- Tariff policy has been turbulent since spring
- Automakers think it’s settling down and are getting ready for long-term higher car prices
Most of the world’s automakers paid a 2.5% tariff to import new cars and car parts to America on April 1. On April 2, many paid an additional 25%. By August, most are paying 15%.
It’s been a chaotic year for their finances.
Automakers have worked hard to prevent the changes from impacting shoppers. Both new and used car prices have been surprisingly stable through the shifting rates. But increasingly, car companies say they think some predictability is coming, which may result in higher prices for the consumer.
A New 15% Rate for Many
- Europe, Japan, and South Korea all have a new 15% rate
- American automakers still pay 25% for cars and parts from Canada and Mexico
In recent weeks, the White House has reached three trade agreements dropping the 25% rate. Ironically, they help virtually every world automaker except America’s largest companies.
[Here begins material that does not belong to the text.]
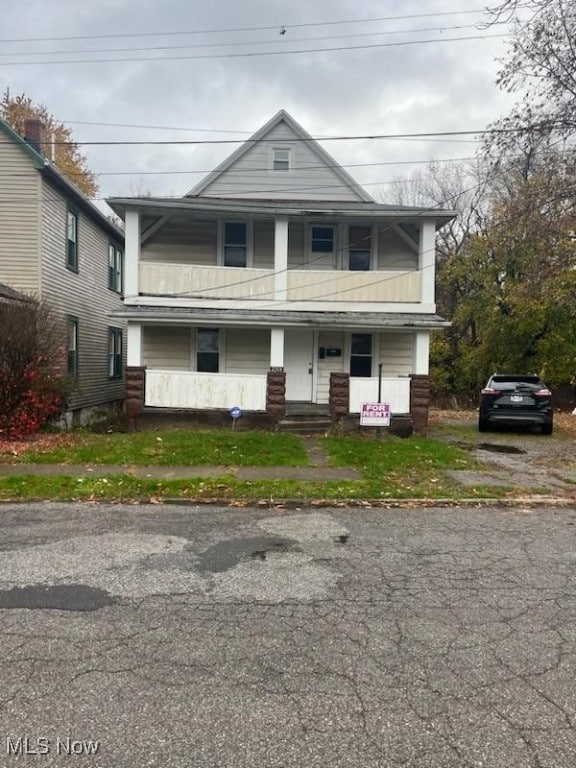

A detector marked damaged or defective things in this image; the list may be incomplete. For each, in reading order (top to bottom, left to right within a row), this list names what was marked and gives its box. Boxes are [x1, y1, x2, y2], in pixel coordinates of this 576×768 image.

cracked asphalt road [0, 504, 572, 768]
The U.K. reached the first trade deal important to the automotive industry, lowering tariffs on the first 100,000 cars imported from that country every year to just 10%. The U.K. only sends about 100,000 cars per year to the U.S., so that deal should cover most British cars for sale in America. But it brings little relief to most American car shoppers, as the country sends mostly high-priced luxury cars our way.
Japan reached a 15% agreement first. The European Union followed quickly, with a similar 15% arrangement. South Korea matched about a week later.
Those deals could have a larger impact on the average shopper, as they will affect the prices charged by mainstream brands like Toyota, Volkswagen, and Hyundai.
America’s automakers, through the lobbying groups that represent them in Congress, have raised alarms about the deals. Decades of U.S. policy encouraged them to use factories in Canada and Mexico, with trade barriers low throughout North America.
They now pay a 25% rate for cars and parts from those factories – a higher rate than their foreign rivals.
Tariffs ‘Feel Kind of Long Term‘
- Automakers are starting to assume the polices will last
- That has many projecting longer-term pain
Now that the U.S. has reached agreements with several countries, automakers are battening down for long-term high tariffs.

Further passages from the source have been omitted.